The text on the image reads
Black Lives Matter
Amplify Them
yashuaklos.net
@yashuared
“There are so many ways we survive, and in the resilience we can become more expansive—even more human....”. —Yashua Klos
Today, I want to copy and paste an entire interview for you to read because of the amount of sense this artist makes and how much perspective he shares in that interview. So, here's a link instead because, you know, ethics. The quote in the image above is from that interview.
Okay, onward!
Yashua Klos works in multiple mediums including wood block printing, collage (incorporating wood block printing), and sculpture. He has no qualms about scale in either direction. He does what is necessary for the work. This man understands depth and perspective (visual and otherwise) and storytelling. Mr. Klos has an eye for impact. His collages look and feel as if they surge off the wall.
While delivering these welcome eye punches, he is drawing from and building myth to great purpose. In his own words:
Myth is layered in my work.... In America, “history” is a mix of fact and propaganda—which make a sort of myth.

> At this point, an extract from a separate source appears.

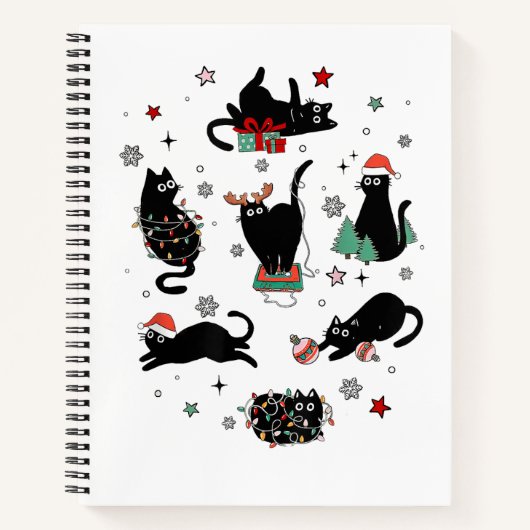 Carnet Chats noirs de Noël (Devant)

The myths here are obviously constructed to preserve a hierarchy and mitigate power. We have statues and monuments erected to concretize these myths. Ancient cultures have left behind the architecture and art of their mythical identities as well.
In my late teens I began to reclaim histories and myths around Black identity since I felt I was deprived of a true telling of history through the Chicago Public School system. This was my introduction to Afrocentrism in the mid 90’s—a project based around an African American reclamation of a heroic African identity. Myth in this sense is a way to dramatize and concretize lost histories.
—Yashua Klos, Newfound.org article on As Above, So Below
All right. I'm gonna stop now. Anything I can say about his work is better said by him or realized by your own eyes looking at it.